Common Heresies on Salvation Theology

The Roman Catholic Magisterium has many definitive teachings on salvation, which have been taught by Ecumenical Councils, or Popes, or the ordinary and universal Magisterium. And yet common opinions on the same topic persist among the faithful, in contradiction to these infallible teachings. Below is a list of each heretical idea, followed by each correct teaching.

In no particular order:

1. the heretical claim that we may “reasonably hope” that “perhaps” all human persons go to Heaven and none are condemned to eternal punishment in Hell.
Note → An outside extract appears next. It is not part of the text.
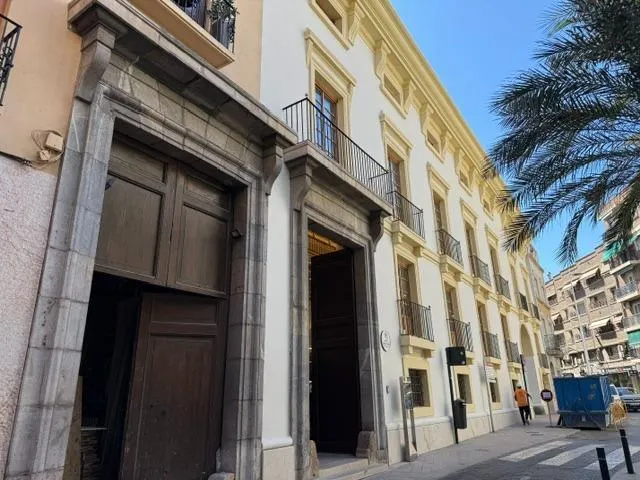 Alquiler de amplio piso en le centro, zona calle correos. — 35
The Roman Catholic Church has repeatedly infallibly taught that some human souls are condemned to Hell to be punished forever:

* May We Reasonably Hope that All are Saved?
* Bishop Robert Barron on Hell: May we reasonably hope that all will be saved?
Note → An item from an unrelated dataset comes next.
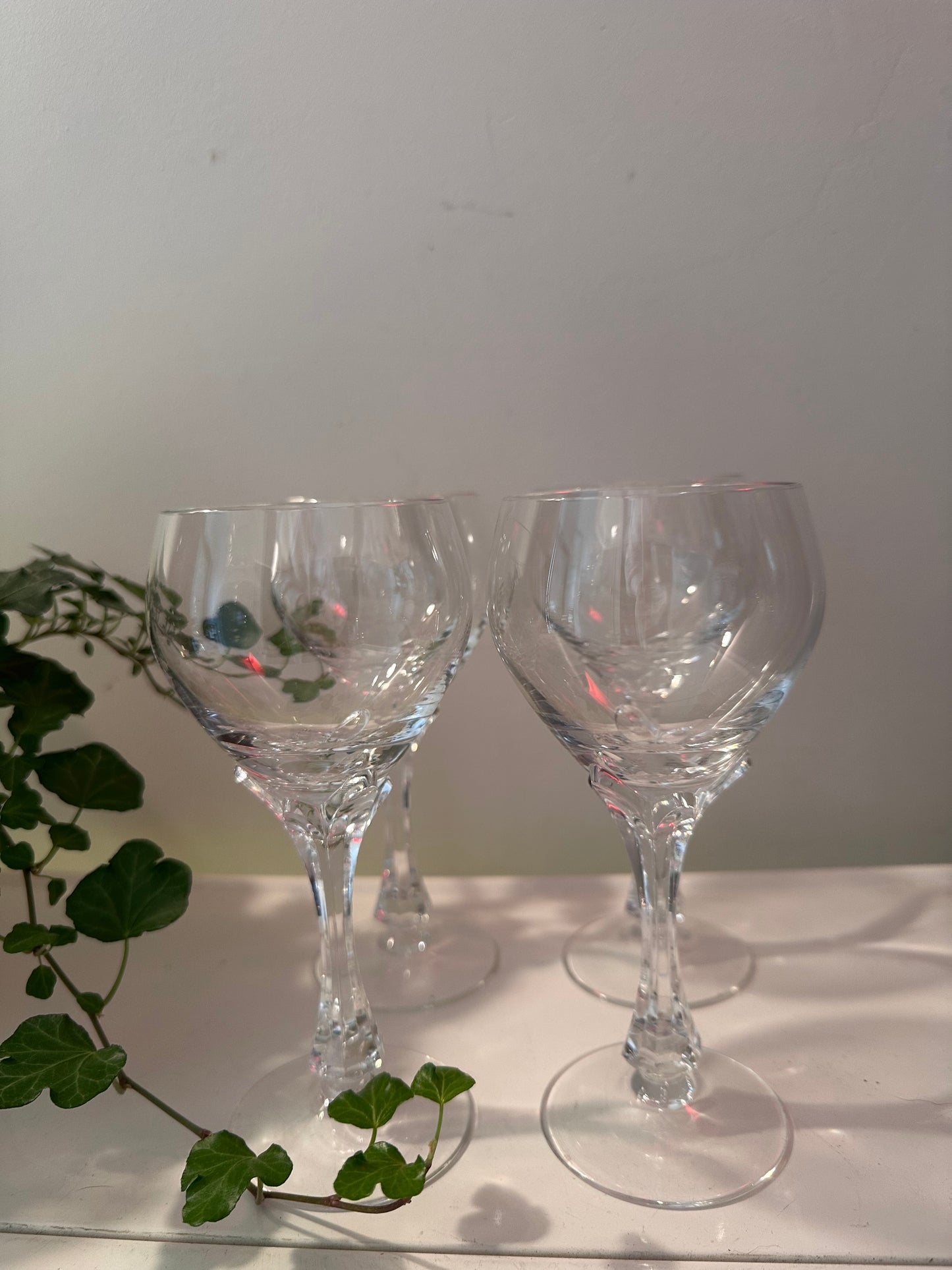 Set van 4 vintage kristallen wijnglazen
2. the heretical claim that the eternal destination of each soul is determined after death. Some claim that, at the particular judgment, the soul can repent of actual mortal sin and be saved. Others claim that each soul receives a special revelation of God after death, at which time the person chooses Heaven or Hell.
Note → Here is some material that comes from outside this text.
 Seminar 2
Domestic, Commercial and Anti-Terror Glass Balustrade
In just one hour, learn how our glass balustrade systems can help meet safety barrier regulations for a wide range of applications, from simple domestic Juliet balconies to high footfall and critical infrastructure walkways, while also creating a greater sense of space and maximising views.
Any such claim, no matter how it is arranged, which proposes that our eternal destination (to Heaven or Hell) is determined by a decision of the soul after death is abject heresy. The Councils of Florence and Lyons II, as well as the infallible teaching of Pope Benedict XII (the 12th) in Benedictus Deus, and the ordinary and universal Magisterium all teach that all souls which die unrepentant from actual mortal sin necessary goes to eternal punishment in Hell, and that all souls which die in the state of sanctifying grace necessary will go to Heaven (perhaps after a temporary punishment in Purgatory).

3. the heretical claim that, before death or at the moment of death, each soul is given a special revelation from God, at which time they choose Heaven or Hell.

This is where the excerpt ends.